During her life Priscilla attended Writer's Workshops, wrote articles for newspapers and magazines, gave speeches and talks and wrote a number or books. Speeches and talks were given on numerous occasions on the changing role of women, Chinese history, the historical novel, job search intensive, and adult education, to women's organizations, such as AAUW, seven Denominations of Church Women, Women's City Clubs, Junior Leagues, Professional Organizations, such as those of community college presidents, school principals, educators, dietitians, secretaries and Rotary Clubs. "The Eight Stages of a Woman's Life" was given to state and national conventions, spouse's programs. Priscilla was a very popular and entertaining speaker! She was listed in Who's Who in American Women in the Midwest, 2000 Women of Achievement and the International Scholar's Directory. Priscilla wrote Five novels, one of which is an historical novel, A Gryphon Year, China 1911-12, an American Surgeon in Old Canton, which was published in 2012 by Author House of Bloomington, IN, ISBN: 978-4678-7313-0(sc), ISBN: 978-1-4678-7312-3(hc), ISBN: 978-1-4678-7311-6 (e) and can be purchased on Amazon.

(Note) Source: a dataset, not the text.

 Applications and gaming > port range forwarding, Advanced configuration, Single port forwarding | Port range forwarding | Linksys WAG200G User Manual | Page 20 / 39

Summers in Vermont involved improvements on the barn being turned into a house and developing gardens, now 17. Winters were spent in Florida, first in Dinner Key Marina in Coconut Grove and then in an apartment in Coral Gables on the Riviera Golf Course. Priscilla moved to Chapel Hill, NC in 2003 for her winter residence, to be close to her son, grandchildren and then daughter and son-in- law. Priscilla was 96 when she died in the Rutland Regional Medical Center on September 6, 2018 and she was buried Saturday September 8 in the Evergreen Cemetery in Pittsford, VT beside her beloved husband, Walter. A Memorial Service for Priscilla is planned for 2019 at the Pittsford Congregational Church and at the family home in North Chittenden. Memorial gifts should be sent to the Pittsford Congregational Church, Pittsford, Vt. Priscilla was predeceased by husband Walter Neale Jackson, M.Div. She is survived by brother George Thomson, Ph.D.; also surviving are her three children Jennifer Agnes Jackson Runquist, Ph.D., with husband Alfonse W. Runquist, Ph.D., daughter Lillian Avis Jackson, M.S.W., M.P.A., and son Nathan Oscar Jackson, M.D.
Published by Detroit Free Press & The Detroit News on Nov. 13, 2018.